The possible presence of Chief Superintendent Edwards is enough to drive him to order a double Scotch as he deliberates on the suspended officer’s motives.
He could be on holiday, says his inner voice.
He’s suspended, facing dismissal — for what? Abuse of authority and neglect of duty. Doesn’t sound like much, but he nearly got me killed trying to protect his own backside.
So … he could be on holiday.
He’d only be happy if I were dead. Perhaps that’s the plan. That’s why I’m here on my own — no backup, no witnesses.
“You are not to tell anyone of this mission. Do you understand? Not anyone.” Richards repeated, his face saying he meant it. “As far as everyone is concerned you are on indefinite convalescent leave and no one else will know — not even the force admin officer. If anyone enquires they’ll be told — honestly — that you are sick,” he said, before adding forcefully, “This is very big case.”
Big or dodgy, Bliss thinks, downing the Scotch, seeing Edwards’s fingerprints everywhere. Set Bliss loose on some risky adventure where the best possible outcome is an anchor around his neck ten miles out in the Med.
He might just be on holiday! screams his inner voice again, desperately wanting him to believe it. Then, with a sudden realization that he has absolutely no idea what is going on in the rest of the world, he finds a pay phone and calls Samantha.
“How are you? Have you found him yet?” she blurts out as soon as she hears his voice.
“Shhh — you’re not supposed to know.”
“What’s up? Do you think my phone is tapped? Dad you’re just a cop, not James Bond.”
What to say? My last will and testament is under the mattress in the spare bedroom. You can keep the car.
“I’m OK, love. Just thought I’d give you a call,” he says. There is little point in burdening her with worries of Edwards. Particularly as he may be mistaken — hopes he is mistaken.
“There is something you can do, though,” he says, realizing that now the informant has surfaced, Morgan Johnson is a huge step closer to being real. “Maybe you could ask a few discreet questions — who wants him and why. Make sure I’m not chasing a wild goose.”

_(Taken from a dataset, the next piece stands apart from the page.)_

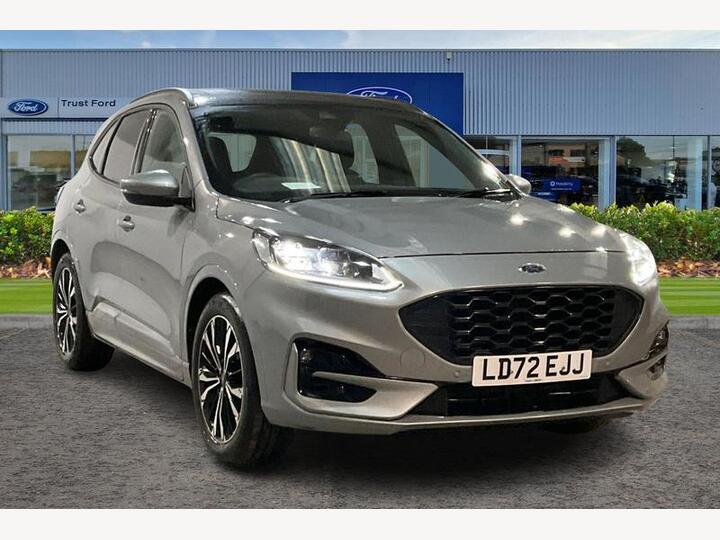 Ford KUGA 2.0 EcoBlue MHEV ST-Line X Edition Euro 6 (s/s) 5dr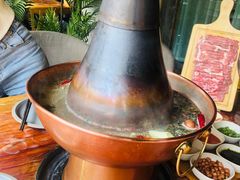 -禾记花园涮肉餐厅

Samantha senses there is something else. “And …?” she queries.
Warning himself he is getting paranoid, he tasks her to phone Edwards on a pretext. “Just to make sure he is home,” he says. “Tell him you’re doing a survey on the police suppression of free speech. That should get him going.”
“OK. If I’ve got time.”
“Please, Samantha,” he begs, then warns in afterthought, “Make sure you use a pay phone.”